* [Task instructions]
Every line below between the line holding "160Pcs 3 Styles" and the line holding "new summer women", inclusive, should be repeated exactly, and all other lines omitted.

(Brief descriptive captions)
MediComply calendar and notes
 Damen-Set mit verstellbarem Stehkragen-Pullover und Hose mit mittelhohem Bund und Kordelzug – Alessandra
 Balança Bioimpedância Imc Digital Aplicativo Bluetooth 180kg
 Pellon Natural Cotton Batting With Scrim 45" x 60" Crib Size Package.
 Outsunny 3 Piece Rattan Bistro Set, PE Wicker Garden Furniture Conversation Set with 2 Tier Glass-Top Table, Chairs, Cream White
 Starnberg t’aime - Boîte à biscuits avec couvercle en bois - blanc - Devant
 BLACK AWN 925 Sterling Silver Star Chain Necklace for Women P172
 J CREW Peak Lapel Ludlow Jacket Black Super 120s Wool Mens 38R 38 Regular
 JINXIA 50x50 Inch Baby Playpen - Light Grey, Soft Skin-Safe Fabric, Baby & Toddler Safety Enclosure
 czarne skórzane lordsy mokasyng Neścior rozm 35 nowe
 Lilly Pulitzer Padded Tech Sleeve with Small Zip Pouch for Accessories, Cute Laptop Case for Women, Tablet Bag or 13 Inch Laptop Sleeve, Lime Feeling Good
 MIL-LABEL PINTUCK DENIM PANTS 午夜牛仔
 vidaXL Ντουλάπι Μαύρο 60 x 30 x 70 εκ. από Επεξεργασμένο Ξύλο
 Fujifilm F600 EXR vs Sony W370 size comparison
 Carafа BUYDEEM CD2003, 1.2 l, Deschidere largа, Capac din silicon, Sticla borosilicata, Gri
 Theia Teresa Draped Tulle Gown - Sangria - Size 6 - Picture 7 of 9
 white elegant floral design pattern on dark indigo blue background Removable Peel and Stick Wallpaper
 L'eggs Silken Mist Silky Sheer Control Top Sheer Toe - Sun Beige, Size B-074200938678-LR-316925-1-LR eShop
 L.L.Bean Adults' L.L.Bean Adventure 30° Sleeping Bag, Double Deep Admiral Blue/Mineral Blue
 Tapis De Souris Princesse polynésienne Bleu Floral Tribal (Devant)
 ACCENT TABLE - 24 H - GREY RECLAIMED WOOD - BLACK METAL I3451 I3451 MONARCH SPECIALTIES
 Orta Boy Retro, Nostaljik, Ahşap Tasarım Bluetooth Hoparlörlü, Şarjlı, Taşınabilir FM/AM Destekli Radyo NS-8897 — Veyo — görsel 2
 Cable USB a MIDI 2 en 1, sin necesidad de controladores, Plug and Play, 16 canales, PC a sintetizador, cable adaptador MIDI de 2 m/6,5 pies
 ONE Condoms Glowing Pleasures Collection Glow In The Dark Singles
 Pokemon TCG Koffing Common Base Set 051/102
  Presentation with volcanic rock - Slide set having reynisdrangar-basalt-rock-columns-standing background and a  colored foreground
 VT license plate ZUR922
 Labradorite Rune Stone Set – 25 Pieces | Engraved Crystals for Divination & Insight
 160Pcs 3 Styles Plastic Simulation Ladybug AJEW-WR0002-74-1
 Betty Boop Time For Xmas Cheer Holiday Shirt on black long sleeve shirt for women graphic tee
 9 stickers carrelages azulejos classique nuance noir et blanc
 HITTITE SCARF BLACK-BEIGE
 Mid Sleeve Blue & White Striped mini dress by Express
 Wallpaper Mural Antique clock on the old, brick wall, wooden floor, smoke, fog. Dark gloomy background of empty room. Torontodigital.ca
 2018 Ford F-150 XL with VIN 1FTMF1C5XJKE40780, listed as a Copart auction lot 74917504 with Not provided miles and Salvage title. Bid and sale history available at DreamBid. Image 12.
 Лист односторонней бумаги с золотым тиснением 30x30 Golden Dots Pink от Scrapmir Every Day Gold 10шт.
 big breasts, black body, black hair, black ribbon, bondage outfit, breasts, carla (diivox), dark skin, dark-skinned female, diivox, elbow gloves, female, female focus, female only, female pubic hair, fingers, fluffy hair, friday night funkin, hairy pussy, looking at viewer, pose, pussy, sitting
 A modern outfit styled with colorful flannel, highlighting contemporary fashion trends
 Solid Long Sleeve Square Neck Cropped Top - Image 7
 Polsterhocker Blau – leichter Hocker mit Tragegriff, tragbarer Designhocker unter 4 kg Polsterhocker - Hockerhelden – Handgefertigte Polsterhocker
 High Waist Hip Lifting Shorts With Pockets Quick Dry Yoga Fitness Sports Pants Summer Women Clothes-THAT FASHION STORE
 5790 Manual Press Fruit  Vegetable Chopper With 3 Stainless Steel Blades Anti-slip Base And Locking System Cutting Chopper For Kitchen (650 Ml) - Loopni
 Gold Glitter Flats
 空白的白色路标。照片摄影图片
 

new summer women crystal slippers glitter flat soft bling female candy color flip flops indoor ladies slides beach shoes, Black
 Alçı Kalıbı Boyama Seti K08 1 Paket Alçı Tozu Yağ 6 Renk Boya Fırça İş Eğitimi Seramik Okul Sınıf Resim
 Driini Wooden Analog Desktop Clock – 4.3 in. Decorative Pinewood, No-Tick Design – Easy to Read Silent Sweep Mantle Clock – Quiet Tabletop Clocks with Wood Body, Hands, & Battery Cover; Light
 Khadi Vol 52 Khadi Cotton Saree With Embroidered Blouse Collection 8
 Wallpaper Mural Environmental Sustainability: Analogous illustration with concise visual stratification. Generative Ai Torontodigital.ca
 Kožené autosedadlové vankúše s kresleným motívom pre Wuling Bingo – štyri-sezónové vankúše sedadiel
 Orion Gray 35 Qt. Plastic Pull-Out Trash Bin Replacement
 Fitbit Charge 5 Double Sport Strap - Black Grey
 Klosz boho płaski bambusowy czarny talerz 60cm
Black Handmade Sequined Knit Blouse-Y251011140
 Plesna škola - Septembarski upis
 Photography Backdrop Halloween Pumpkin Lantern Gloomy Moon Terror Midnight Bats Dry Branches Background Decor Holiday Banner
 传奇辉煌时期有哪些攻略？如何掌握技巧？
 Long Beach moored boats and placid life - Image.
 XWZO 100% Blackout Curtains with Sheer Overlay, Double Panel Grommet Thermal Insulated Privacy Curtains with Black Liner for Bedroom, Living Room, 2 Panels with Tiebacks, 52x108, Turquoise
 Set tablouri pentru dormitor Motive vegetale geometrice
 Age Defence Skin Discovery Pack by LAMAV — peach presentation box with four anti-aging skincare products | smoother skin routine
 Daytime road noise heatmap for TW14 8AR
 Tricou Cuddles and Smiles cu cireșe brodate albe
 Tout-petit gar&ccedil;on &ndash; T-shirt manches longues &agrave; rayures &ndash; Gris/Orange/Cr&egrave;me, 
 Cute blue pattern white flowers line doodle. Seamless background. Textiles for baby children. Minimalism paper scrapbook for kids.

* [Answer to this exercise]
 160Pcs 3 Styles Plastic Simulation Ladybug AJEW-WR0002-74-1
 Betty Boop Time For Xmas Cheer Holiday Shirt on black long sleeve shirt for women graphic tee
 9 stickers carrelages azulejos classique nuance noir et blanc
 HITTITE SCARF BLACK-BEIGE
 Mid Sleeve Blue & White Striped mini dress by Express
 Wallpaper Mural Antique clock on the old, brick wall, wooden floor, smoke, fog. Dark gloomy background of empty room. Torontodigital.ca
 2018 Ford F-150 XL with VIN 1FTMF1C5XJKE40780, listed as a Copart auction lot 74917504 with Not provided miles and Salvage title. Bid and sale history available at DreamBid. Image 12.
 Лист односторонней бумаги с золотым тиснением 30x30 Golden Dots Pink от Scrapmir Every Day Gold 10шт.
 big breasts, black body, black hair, black ribbon, bondage outfit, breasts, carla (diivox), dark skin, dark-skinned female, diivox, elbow gloves, female, female focus, female only, female pubic hair, fingers, fluffy hair, friday night funkin, hairy pussy, looking at viewer, pose, pussy, sitting
 A modern outfit styled with colorful flannel, highlighting contemporary fashion trends
 Solid Long Sleeve Square Neck Cropped Top - Image 7
 Polsterhocker Blau – leichter Hocker mit Tragegriff, tragbarer Designhocker unter 4 kg Polsterhocker - Hockerhelden – Handgefertigte Polsterhocker
 High Waist Hip Lifting Shorts With Pockets Quick Dry Yoga Fitness Sports Pants Summer Women Clothes-THAT FASHION STORE
 5790 Manual Press Fruit  Vegetable Chopper With 3 Stainless Steel Blades Anti-slip Base And Locking System Cutting Chopper For Kitchen (650 Ml) - Loopni
 Gold Glitter Flats
 空白的白色路标。照片摄影图片
 

new summer women crystal slippers glitter flat soft bling female candy color flip flops indoor ladies slides beach shoes, Black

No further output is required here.